▶ PROBLEM
Copy only what lies from the line containing "60 м², 2-комнатная квартира" through the line containing "图片[1]-失落王国/Stolen Realm-pp游戏仓库" in the entries below, keeping both end lines exact and dropping every picture.

▶ TASK DATA
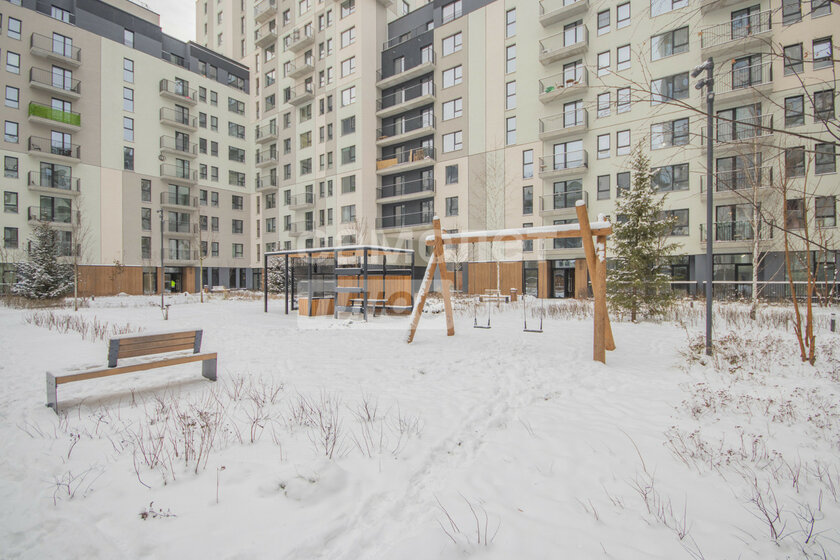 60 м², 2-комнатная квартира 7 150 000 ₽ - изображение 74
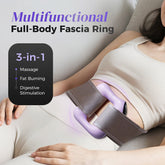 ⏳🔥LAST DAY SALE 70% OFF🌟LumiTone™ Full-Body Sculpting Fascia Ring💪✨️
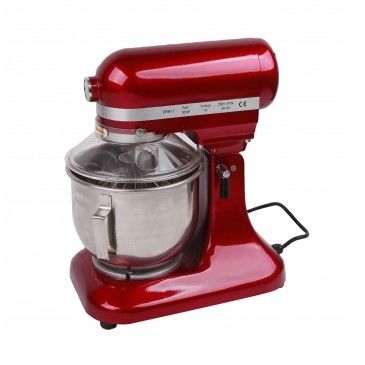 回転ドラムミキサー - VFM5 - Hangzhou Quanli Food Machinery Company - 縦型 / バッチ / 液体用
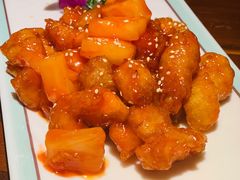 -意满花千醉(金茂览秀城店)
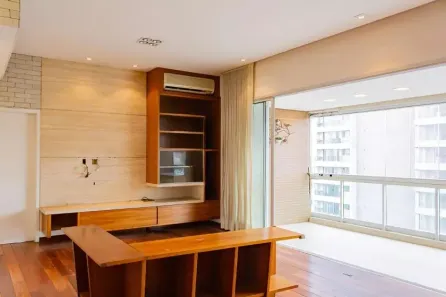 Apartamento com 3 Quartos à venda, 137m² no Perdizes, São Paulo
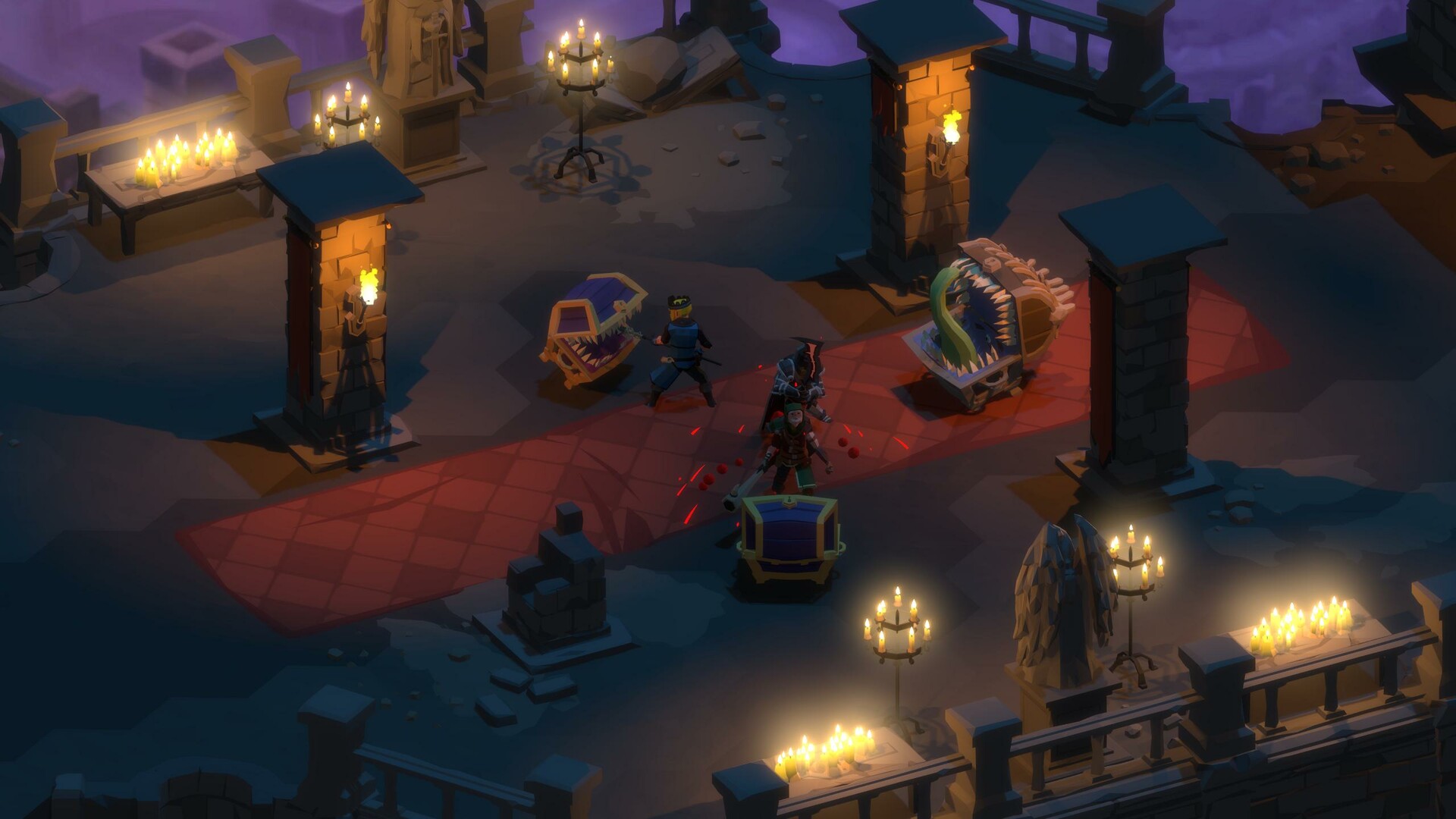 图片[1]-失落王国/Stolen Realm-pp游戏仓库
==
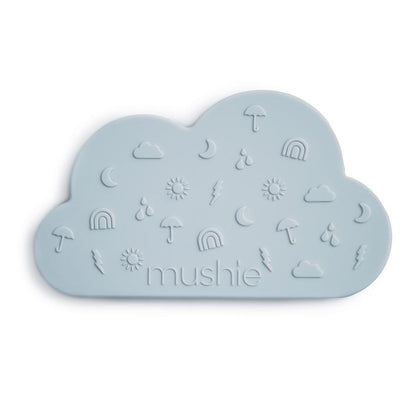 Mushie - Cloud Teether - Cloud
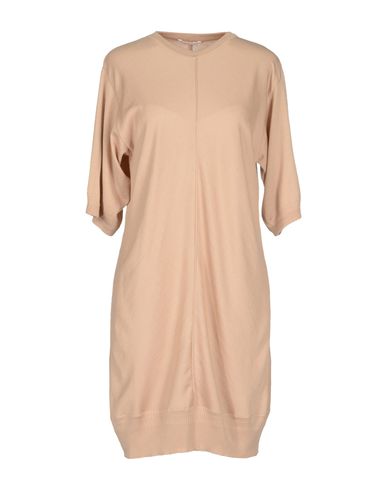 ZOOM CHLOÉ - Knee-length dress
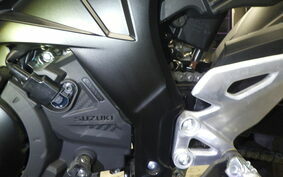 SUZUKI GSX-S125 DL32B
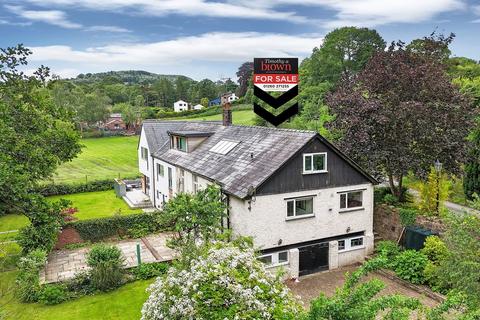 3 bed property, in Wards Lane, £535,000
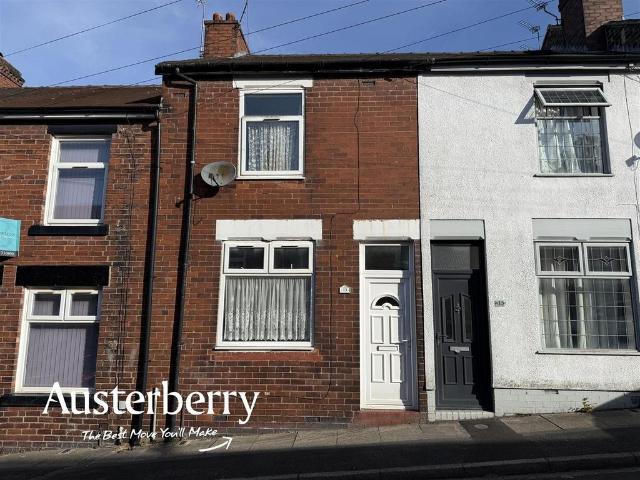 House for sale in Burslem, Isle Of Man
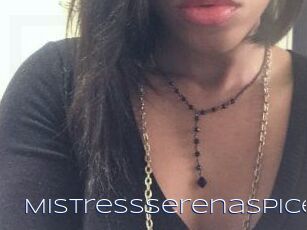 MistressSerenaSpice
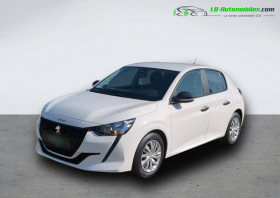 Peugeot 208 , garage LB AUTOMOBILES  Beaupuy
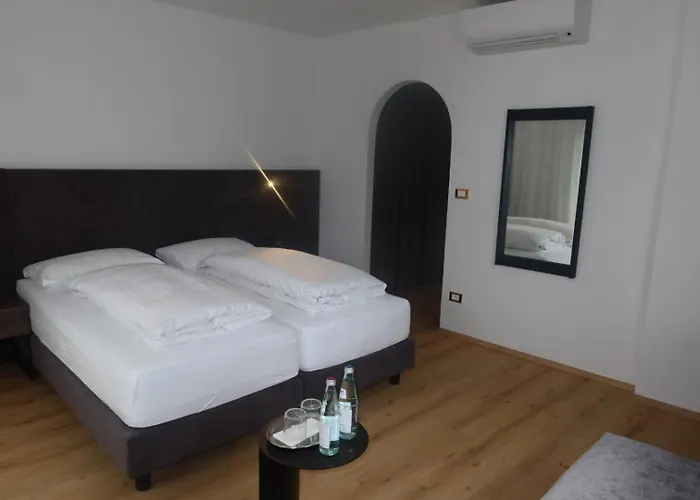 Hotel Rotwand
--
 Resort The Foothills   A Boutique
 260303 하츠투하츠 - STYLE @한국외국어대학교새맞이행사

▶ EXPECTED ANSWER
 60 м², 2-комнатная квартира 7 150 000 ₽ - изображение 74
 ⏳🔥LAST DAY SALE 70% OFF🌟LumiTone™ Full-Body Sculpting Fascia Ring💪✨️
 回転ドラムミキサー - VFM5 - Hangzhou Quanli Food Machinery Company - 縦型 / バッチ / 液体用
 -意满花千醉(金茂览秀城店)
 Apartamento com 3 Quartos à venda, 137m² no Perdizes, São Paulo
 图片[1]-失落王国/Stolen Realm-pp游戏仓库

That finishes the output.